It’s plain common sense—the more happiness you feel, the less unhappiness you experience. It’s plain common sense, but it’s not true. Recent research reveals that happiness and unhappiness are not really two sides of the same emotion. They are two distinct feelings that, coexisting, rise and fall independently.
People might think that the higher a person’s level of unhappiness, the lower their level of happiness and vice versa. But when researchers measure people’s average levels of happiness and unhappiness, they often find little relationship between the two.
The recognition that feelings of happiness and unhappiness can co-exist much like love and hate in a close relationship may offer valuable clues on how to lead a happier life. It suggests, for example, that changing or avoiding things that make you miserable may well make you less miserable, but probably won’t make you any happier. That advice is backed up by an extraordinary series of studies which indicate that a genetic predisposition for unhappiness may run in certain families. On the other hand, researchers have found happiness doesn’t appear to be anyone’s heritage. The capacity for joy is a talent you develop largely for yourself.
Psychologists have settled on a working definition of the feeling—happiness is a sense of subjective well-being. They have also begun to find out who’s happy, who isn’t and why. To date, the research hasn’t found a simple formula for a happy life, but it has discovered some of the actions and attitudes that seem to bring people closer to that most desired of feelings.

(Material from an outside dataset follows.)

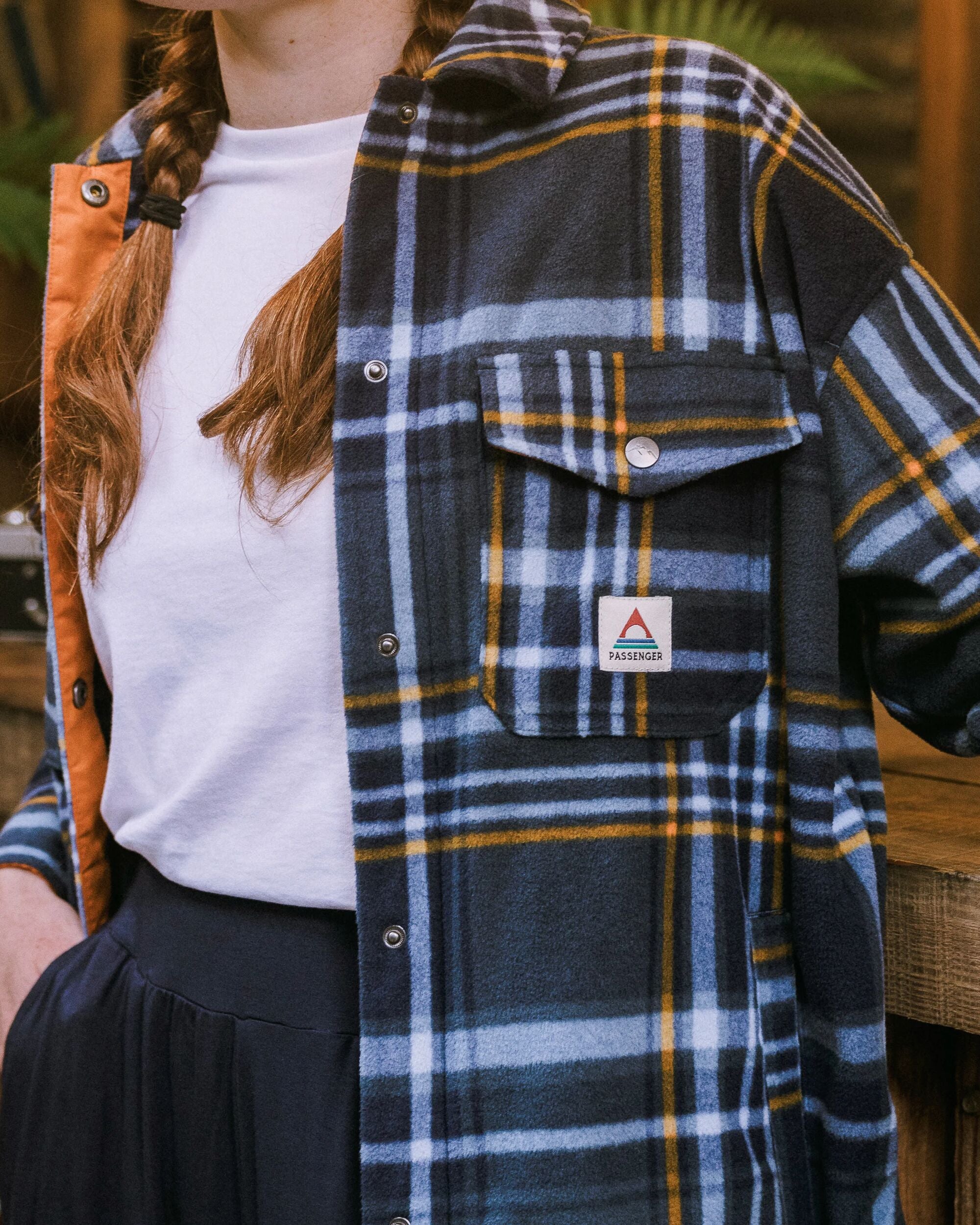 East Recycled Polar Fleece Shirt - Rich Navy/Faded Denim Check - Lifestyle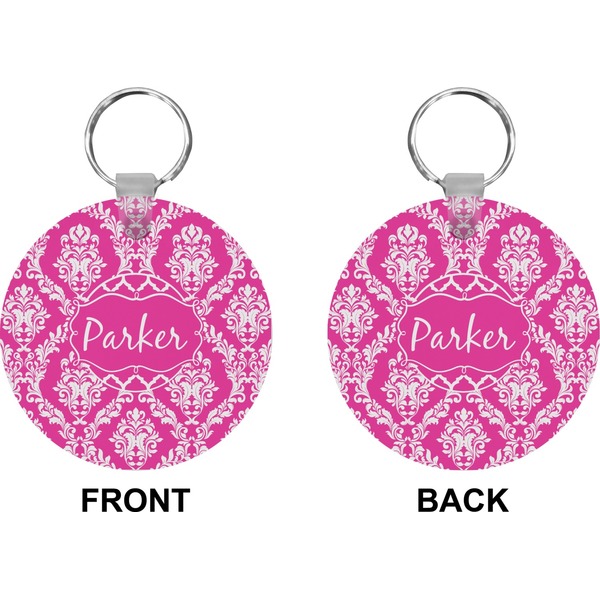 Moroccan & Damask Circle Keychain (Front + Back)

Why is unhappiness less influenced by environment? When we are happy, we are more responsive to people and keep up connections better than when we are feeling sad. This doesn’t mean, however, that some people are born to be sad and that’s that. Genes may predispose one to unhappiness, but disposition can be influenced by personal choice. You can increase your happiness through your own actions.
36. According to the text, it is true that
[A] unhappiness is more inherited than affected by environment.
[B] happiness and unhappiness are mutually conditional.
[C] unhappiness is subject to external more than internal factors.
[D] happiness is an uncontrollable subjective feeling.
37. The author argues that one can achieve happiness by
[A] maintaining it at an average level.
[B] escaping miserable occurrences in life.
[C] pursuing it with one’s painstaking effort.
[D] realizing its coexistence with unhappiness.
38. The phrase “To date” (Para. 4) can be best replaced by
[A] As a result.
[B] In addition.
[C] At present.
[D] Until now.
39. What do you think the author believes about happiness and unhappiness?
[A] One feels unhappy owing to his miserable origin.
[B] They are independent but existing concurrently
[C] One feels happy by participating in more activities.
[D] They are actions and attitudes taken by human beings.
40. The sentence “That’s that” (Para. 5) probably means: Some people are born to be sad
[A] and the situation cannot be altered.
[B] and happiness remains inaccessible.
[C] but they don’t think much about it.
[D] but they remain unconscious of it.